> THE PROBLEM: The result should be an exact copy of only the lines from the one holding "thumbnail image 2" through the last line of the data below, please, without pictures.

> DATA FOR THE TASK:
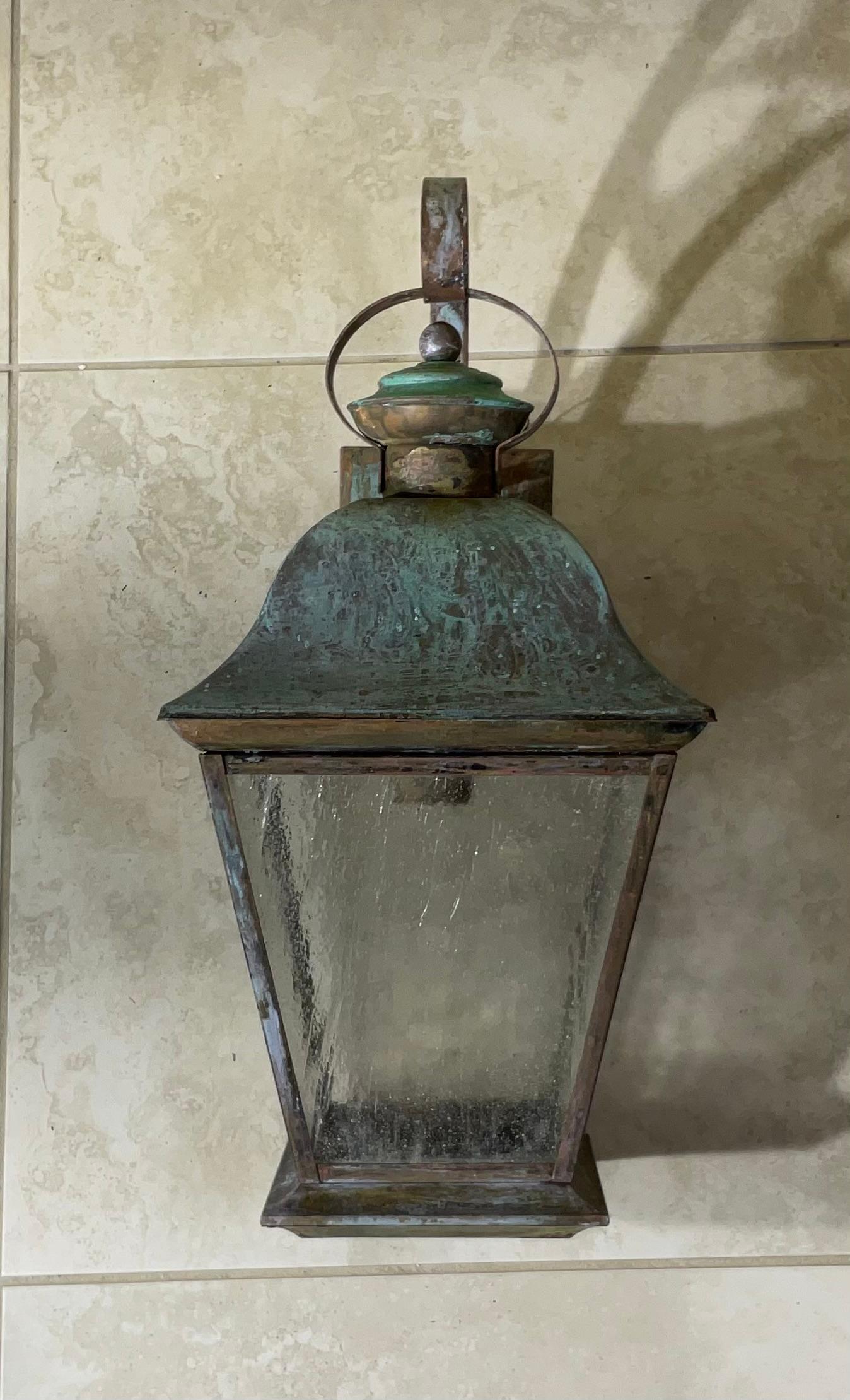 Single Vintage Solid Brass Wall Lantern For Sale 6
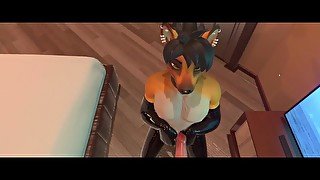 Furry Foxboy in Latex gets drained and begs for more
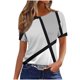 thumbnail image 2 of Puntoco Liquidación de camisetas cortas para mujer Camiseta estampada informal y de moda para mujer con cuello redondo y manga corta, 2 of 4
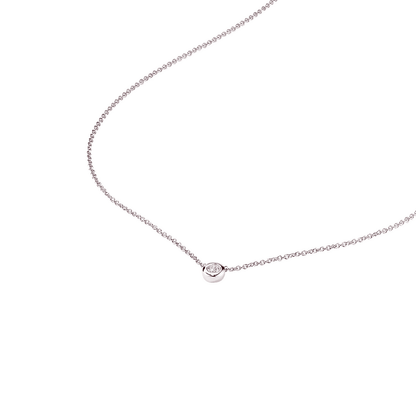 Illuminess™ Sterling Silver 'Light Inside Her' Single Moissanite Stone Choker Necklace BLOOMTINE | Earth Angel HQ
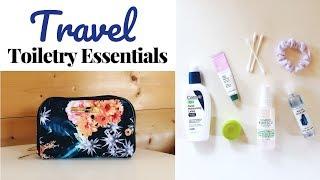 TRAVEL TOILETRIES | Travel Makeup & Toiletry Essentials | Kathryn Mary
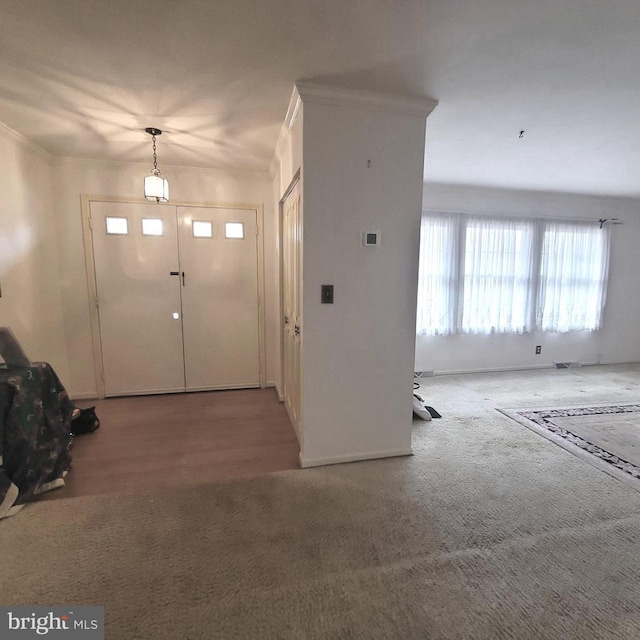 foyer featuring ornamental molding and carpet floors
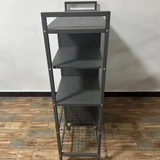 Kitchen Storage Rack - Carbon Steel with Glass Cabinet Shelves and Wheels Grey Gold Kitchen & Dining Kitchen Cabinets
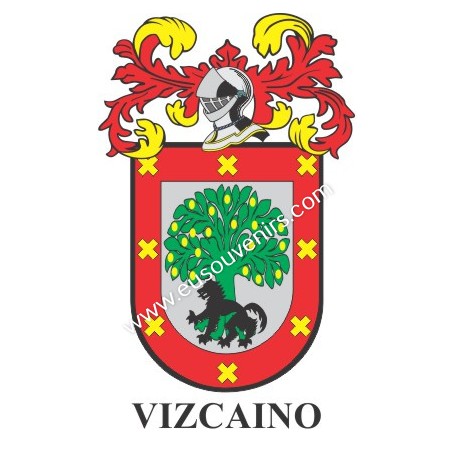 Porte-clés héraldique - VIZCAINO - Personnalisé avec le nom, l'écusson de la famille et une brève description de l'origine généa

> ANSWER TO THIS PROBLEM:
 thumbnail image 2 of Puntoco Liquidación de camisetas cortas para mujer Camiseta estampada informal y de moda para mujer con cuello redondo y manga corta, 2 of 4
 Illuminess™ Sterling Silver 'Light Inside Her' Single Moissanite Stone Choker Necklace BLOOMTINE | Earth Angel HQ
 TRAVEL TOILETRIES | Travel Makeup & Toiletry Essentials | Kathryn Mary
 foyer featuring ornamental molding and carpet floors
 Kitchen Storage Rack - Carbon Steel with Glass Cabinet Shelves and Wheels Grey Gold Kitchen & Dining Kitchen Cabinets
 Porte-clés héraldique - VIZCAINO - Personnalisé avec le nom, l'écusson de la famille et une brève description de l'origine généa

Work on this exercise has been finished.